I’ve never made it a secret that I am utterly and completely in love with Avenue Q. I was thrilled, surprised and elated when it was presented with the Tony for Best Musical and disappointed when I learned that it would only play Las Vegas (in addition to New York) instead of going on a National tour so the entire country could witness its brilliance. I was ecstatic when one of the show’s creators Jeff Marx contacted me out of the blue giving me an opening to request an interview with him and writing partner Bobby Lopez, which ran on Gothamist in December 2004.

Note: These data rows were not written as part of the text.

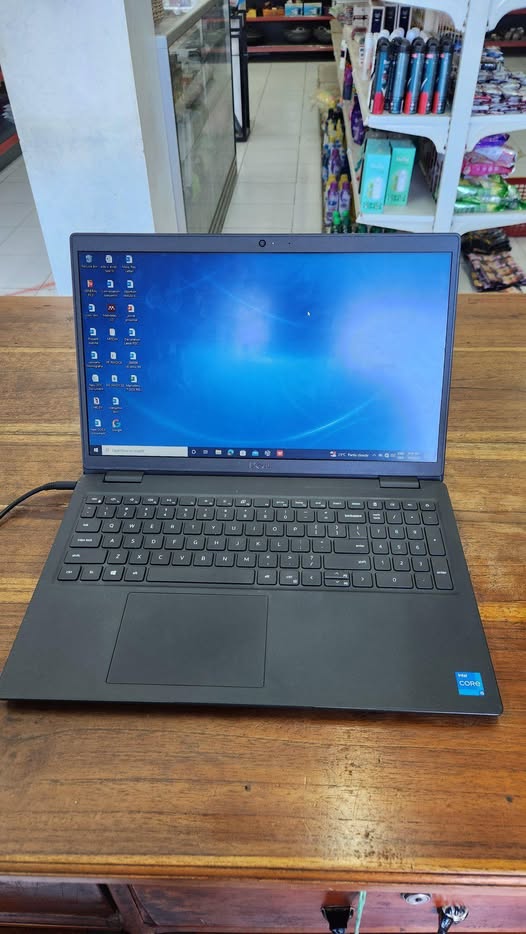 Computer - Laptop Intel Core i5 8GB RAM - Negotiable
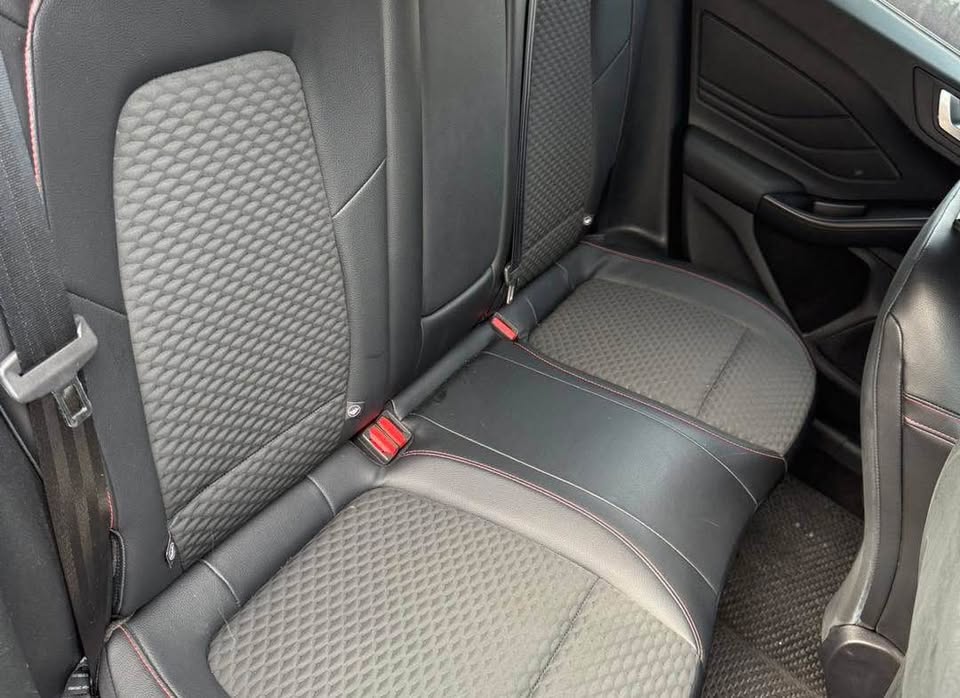 Ford Focus ST-Line 1.5 整車拆賣 二手零件照片 - Orange Garage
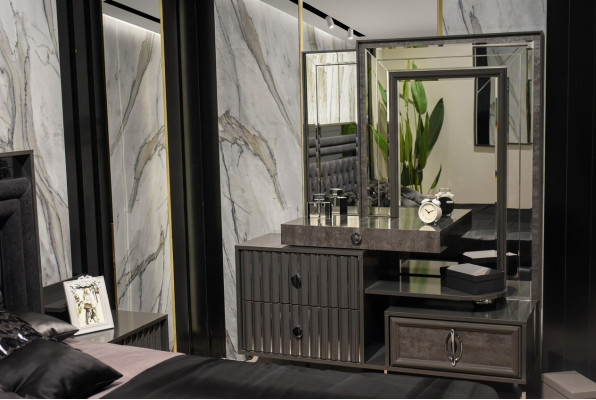 Schwaarze Schminktisch Luxus Holz Konsol Designer Schlofkummer Miwwelen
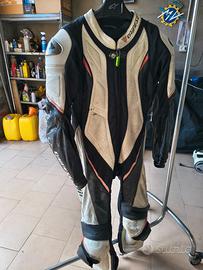 tuta pelle moto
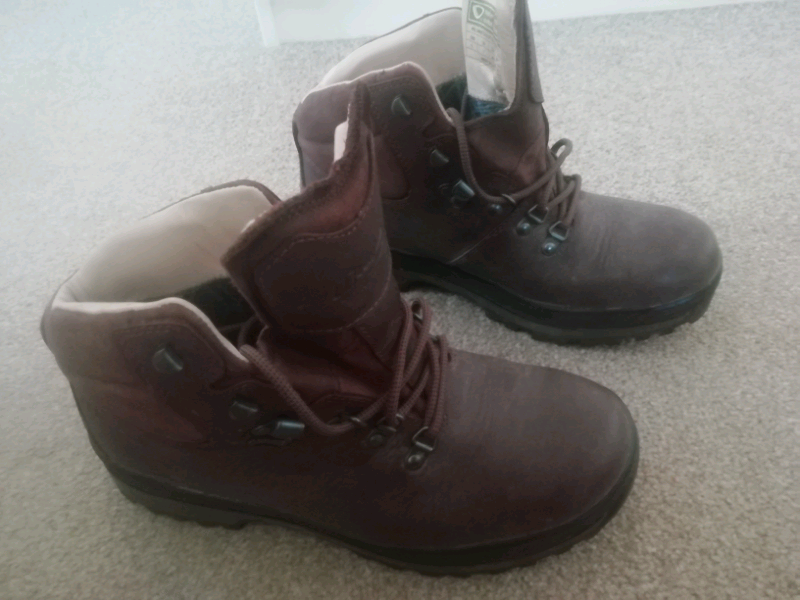 brasher hillmaster walking boots
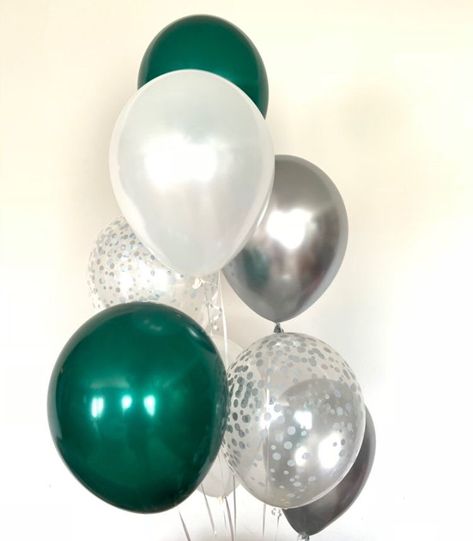 Emerald Green Balloon Decoration, Green And Silver Balloons, Silver Birthday Balloons, Green And Silver Wedding, Boy Party Balloons, Emerald Green And Silver, Diy Halloween Luminaries, 18th Party Ideas, Silver Party Decorations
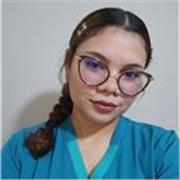 Estudiante actual de nutrición en dónde se ve, se aprende y se estudia mucha biología, química y bioquímica niñera antes de la U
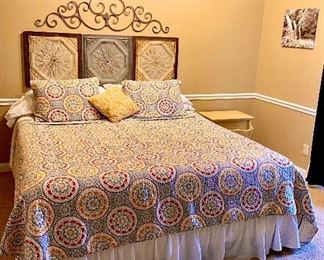 Queen size Select Comfort adjustable bed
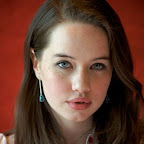 Anna Popplewell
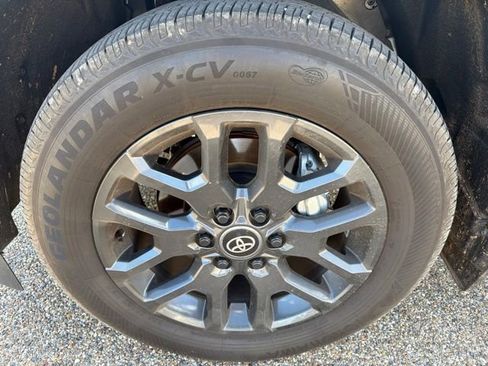 Used 2025 Toyota Sequoia Platinum AWD/4WD image 11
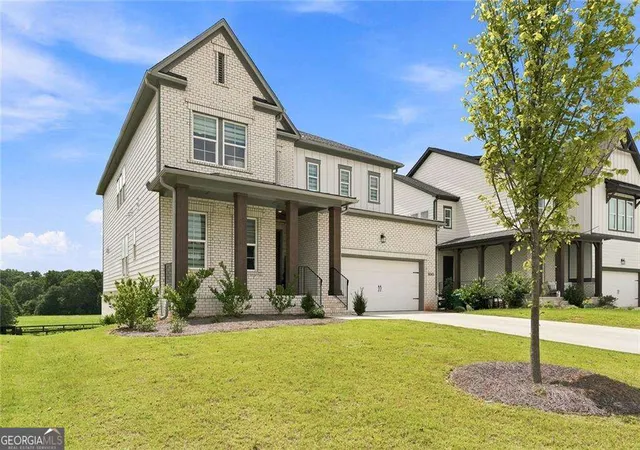 Photo 2 of Single family home for sale at 5043 Baywood Ln, Woodstock, GA 30188 | MLS# 10822611 | Listing updated on 2026-09-19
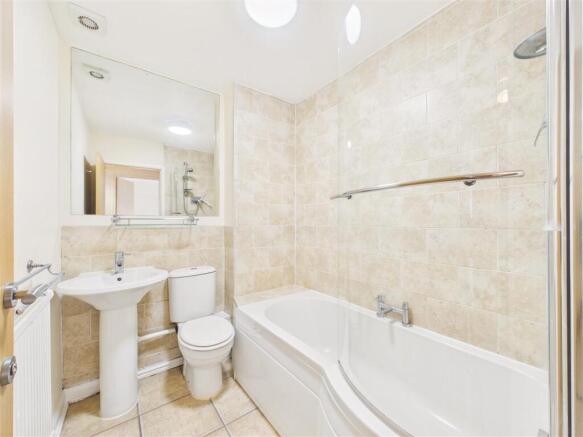 2 bed Apartment for sale Image 7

Thankfully, Avenue Q even became an unqualified commercial success, and now, it’s a record-holder. Tonight’s performance marks the 1,296th time the show has played on the stage of the Golden Theatre, breaking a more than 60 year old record held by the Patrick Hamilton play Angel Street. Now, roughly 1,300 performances is nothing compared to the true Broadway stalwarts. For nearly a decade, the record had been held by A Chorus Line which played 6,137 times. Cats came along, roundly trouncing that number with 7, 485 performances before finally (and mercifully) expiring in 2000. Meanwhile, it was only about a year ago that Cats’ reign was cut short by fellow Andrew Lloyd Weber spectacle The Phantom of the Opera which should be some where around 7,762 shows … and still counting. But blockbuster shows like those are the exception, not the rule.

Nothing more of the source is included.